Philip Lindsay on 29th January 2013

'Opt out' - isn't that an interesting expression? Doesn't it trigger negative connotations (which, I guess, could also be a function of how we are socialised to 'fit in' or...not!). A review of my own career shows that, after 14 years in corporates, I decided to go 'independent' (1989) and for a number of reasons - those being (and not necessarily in order of importance): - I could not endure standing up during another train journey into London - I was uninterested in the job content of the next level up (albeit that the rewards were highly attractive) - I had been told several times during my career that I couldn't be (or present myself as being) 'who I am' and still get promoted - but I'd stay employed - basically I liked 'me' and had a degree or arrogance about being independent. Therefore, the decision to stay within a corporate structure or 'opt out' into independence was driven by largely whimsical (i.e. non-commercial) and somewhat arrogant notions - given that 'capability' was accepted internally and not a job threat. While there may be a need to change the expression of reasons and conditions quoted above to meet your circumstances, I really wonder whether there are will be any substantive differences between professional women and men in terms of what drives their career choices )e.g. to stay within corporates or go independent). But what about the differences between men and women seeking success in corporate life? While some glass ceilings for women may still be there, there are cracks - and there are more conscious considerations of women's contributions and needs. But is there concerted action to look towards mens' needs now (e.g. paternity leave)? I'm less sure about this - what surveys on working conditions do you see asking for 'men only' suggestions? Precious few, I suggest. I believe that 'men' are not currently on the political agenda - and, in correcting itself, maybe the pendulum has swung too far.

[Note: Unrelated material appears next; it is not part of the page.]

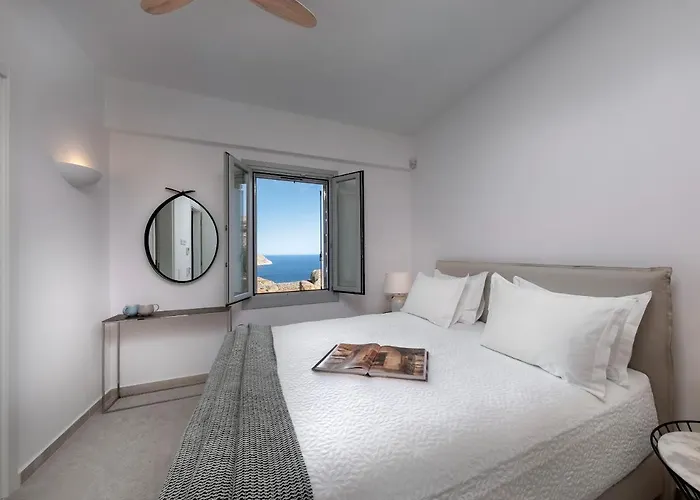 Frederica In Mykonos Super Paradise Beach (Mykonos)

Trisha Cochrane on 21st January 2013

Some good questions Maggi. It seems to me that most men don't have a choice: socialised themselves into being the 'bread-winner' and therefore (for most?) not able to opt out of corporate life. I've felt extremely lucky that I too was able to opt for a flexible career. However, I don't feel I made very informed choices, so I would very much have liked some role models and coaching/training to help me think about the reality of the 'choices' I was making. For my female friends still working in corporate life, more flexibility from their employers has indeed helped them both to survive and thrive. But it seems not enough employers do offer these opportunities. On the one hand they are undertaking all sorts of initiatives to encourage women up the corporate ladder, but not making their working conditions flexible enough for those who are parents or for those who simply want to have more of a balance. I would love to hear from the men who have made similar choices to opt out of corporate life - what was your experience?